As preparations for the next research excellence framework gather momentum, I fear I’m in a dwindling minority who finds it discombobulating to hear colleagues confidently asserting that they have a handful of 3* or 4* papers, and looking down upon those with only 2*s.
Colleagues, the difference between a 2*, 3* and 4* is based on subjective judgements of vague criteria. My articles have been ranked internally as 3* or 4*, so this isn’t sour grapes, but there really is not a knowable distinction between – as Main Panel C puts it – “quality that is internationally excellent” (3*) and “quality that is recognised internationally” (2*). The latter implies the former.
Nor is there a meaningful difference between research that is a “major influence” (4*) and research that is “likely to have a lasting influence” (3*). Ditto.
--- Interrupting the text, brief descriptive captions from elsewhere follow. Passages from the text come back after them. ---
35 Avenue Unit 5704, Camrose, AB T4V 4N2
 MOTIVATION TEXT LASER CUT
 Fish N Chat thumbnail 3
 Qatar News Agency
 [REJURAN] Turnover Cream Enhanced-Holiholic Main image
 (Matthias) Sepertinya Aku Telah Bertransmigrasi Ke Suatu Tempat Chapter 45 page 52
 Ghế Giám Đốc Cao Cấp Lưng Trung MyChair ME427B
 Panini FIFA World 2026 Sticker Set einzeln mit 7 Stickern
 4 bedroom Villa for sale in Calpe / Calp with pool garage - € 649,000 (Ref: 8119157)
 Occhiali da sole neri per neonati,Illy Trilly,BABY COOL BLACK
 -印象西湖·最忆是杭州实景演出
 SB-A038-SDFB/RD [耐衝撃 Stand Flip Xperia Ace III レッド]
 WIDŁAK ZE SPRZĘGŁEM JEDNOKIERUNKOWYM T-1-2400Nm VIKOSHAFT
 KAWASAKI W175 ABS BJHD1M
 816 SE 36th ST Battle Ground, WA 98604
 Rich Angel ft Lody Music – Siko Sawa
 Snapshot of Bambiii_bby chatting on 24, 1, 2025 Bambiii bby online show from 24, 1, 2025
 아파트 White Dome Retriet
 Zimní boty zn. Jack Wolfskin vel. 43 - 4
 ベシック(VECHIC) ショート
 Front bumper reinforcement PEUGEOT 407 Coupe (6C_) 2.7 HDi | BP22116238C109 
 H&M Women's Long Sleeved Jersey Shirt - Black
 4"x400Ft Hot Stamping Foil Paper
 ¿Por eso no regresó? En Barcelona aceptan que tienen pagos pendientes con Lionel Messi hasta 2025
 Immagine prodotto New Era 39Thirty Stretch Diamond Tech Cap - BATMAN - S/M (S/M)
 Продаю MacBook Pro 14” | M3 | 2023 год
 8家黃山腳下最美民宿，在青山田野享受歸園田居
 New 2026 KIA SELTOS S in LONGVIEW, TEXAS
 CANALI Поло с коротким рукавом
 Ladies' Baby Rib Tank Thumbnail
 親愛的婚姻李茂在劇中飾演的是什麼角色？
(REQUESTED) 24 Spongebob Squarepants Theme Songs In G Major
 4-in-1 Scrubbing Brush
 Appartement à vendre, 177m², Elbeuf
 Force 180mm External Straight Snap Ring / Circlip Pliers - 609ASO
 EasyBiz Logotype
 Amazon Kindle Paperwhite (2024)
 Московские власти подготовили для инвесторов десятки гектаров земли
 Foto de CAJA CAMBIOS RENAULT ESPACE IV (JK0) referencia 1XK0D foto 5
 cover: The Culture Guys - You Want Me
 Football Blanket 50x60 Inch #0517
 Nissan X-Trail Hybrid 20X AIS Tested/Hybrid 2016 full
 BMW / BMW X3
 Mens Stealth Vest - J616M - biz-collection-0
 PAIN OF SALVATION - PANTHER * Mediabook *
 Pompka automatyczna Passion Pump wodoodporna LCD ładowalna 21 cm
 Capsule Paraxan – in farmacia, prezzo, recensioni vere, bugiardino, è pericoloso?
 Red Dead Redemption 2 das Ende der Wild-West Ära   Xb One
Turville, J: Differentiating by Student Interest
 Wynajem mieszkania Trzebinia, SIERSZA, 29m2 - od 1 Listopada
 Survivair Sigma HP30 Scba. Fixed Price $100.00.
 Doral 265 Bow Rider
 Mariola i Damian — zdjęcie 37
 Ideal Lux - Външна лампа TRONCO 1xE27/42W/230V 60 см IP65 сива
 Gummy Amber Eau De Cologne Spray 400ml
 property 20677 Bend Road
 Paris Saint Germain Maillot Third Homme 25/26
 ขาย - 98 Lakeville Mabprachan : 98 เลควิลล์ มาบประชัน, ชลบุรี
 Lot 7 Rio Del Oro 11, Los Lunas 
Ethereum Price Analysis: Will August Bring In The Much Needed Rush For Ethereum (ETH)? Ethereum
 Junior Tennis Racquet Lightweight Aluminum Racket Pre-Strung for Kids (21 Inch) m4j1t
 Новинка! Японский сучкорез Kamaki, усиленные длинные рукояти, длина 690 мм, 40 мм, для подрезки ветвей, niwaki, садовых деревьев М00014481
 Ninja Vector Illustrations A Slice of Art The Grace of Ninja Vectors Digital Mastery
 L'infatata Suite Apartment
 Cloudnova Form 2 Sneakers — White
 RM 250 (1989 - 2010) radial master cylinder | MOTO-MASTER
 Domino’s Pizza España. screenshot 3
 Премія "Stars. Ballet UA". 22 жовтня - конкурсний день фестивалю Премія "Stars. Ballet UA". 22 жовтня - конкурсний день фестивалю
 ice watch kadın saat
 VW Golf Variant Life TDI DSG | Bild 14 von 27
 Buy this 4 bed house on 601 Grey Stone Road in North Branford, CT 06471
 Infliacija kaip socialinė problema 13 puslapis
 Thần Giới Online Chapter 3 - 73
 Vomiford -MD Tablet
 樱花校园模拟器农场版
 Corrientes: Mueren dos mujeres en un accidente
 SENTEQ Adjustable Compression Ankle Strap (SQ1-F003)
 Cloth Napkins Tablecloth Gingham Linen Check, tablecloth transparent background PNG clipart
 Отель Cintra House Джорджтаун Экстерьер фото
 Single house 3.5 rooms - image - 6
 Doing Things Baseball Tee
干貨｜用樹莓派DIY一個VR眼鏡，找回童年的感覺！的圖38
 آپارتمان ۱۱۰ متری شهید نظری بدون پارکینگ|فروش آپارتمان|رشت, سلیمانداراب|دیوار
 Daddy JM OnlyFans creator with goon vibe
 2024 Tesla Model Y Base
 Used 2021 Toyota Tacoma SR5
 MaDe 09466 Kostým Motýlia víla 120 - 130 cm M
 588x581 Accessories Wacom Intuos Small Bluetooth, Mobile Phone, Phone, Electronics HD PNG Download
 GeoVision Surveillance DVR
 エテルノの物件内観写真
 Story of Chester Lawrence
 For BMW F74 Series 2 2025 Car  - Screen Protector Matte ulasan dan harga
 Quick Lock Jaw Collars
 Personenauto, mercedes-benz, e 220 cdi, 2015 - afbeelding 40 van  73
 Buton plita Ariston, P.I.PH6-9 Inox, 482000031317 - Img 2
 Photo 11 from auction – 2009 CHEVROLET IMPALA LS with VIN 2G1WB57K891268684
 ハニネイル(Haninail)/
And even if there were, the judgement is going to be made by a REF panellist who is unlikely to be an expert in your sub-field and who will probably skim-read your article over breakfast on a flight.
That, of course, has always been the problem with the REF. But back in 1986, when the first forerunner exercise was run, it was excusable to think that the only way of splitting research funding between universities on the basis of some sort of demonstrable merit was through some bureaucratic process of this sort, however imperfect.
But, hey, times have moved on. There are now numerous internet-based data sources on academics' research performance – and many of them are free. Senior academics have used some of these to come up with rankings of universities and departments that are extremely closely correlated to those produced from the REF.
For instance, in 2017, Anne-Wil Harzing, professor of international management at Middlesex University, found only small differences between the REF rankings and those created using data from Microsoft Academic. Memorably, doing so took her just “one rainy Sunday afternoon”. And, in 2013, Dorothy Bishop, professor of developmental neuropsychology at the University of Oxford, looked at the data from the REF’s precursor, the research assessment exercise, and found that departmental h-indices in psychology predicted the results “remarkably well”. She suggested this may be true more broadly, too.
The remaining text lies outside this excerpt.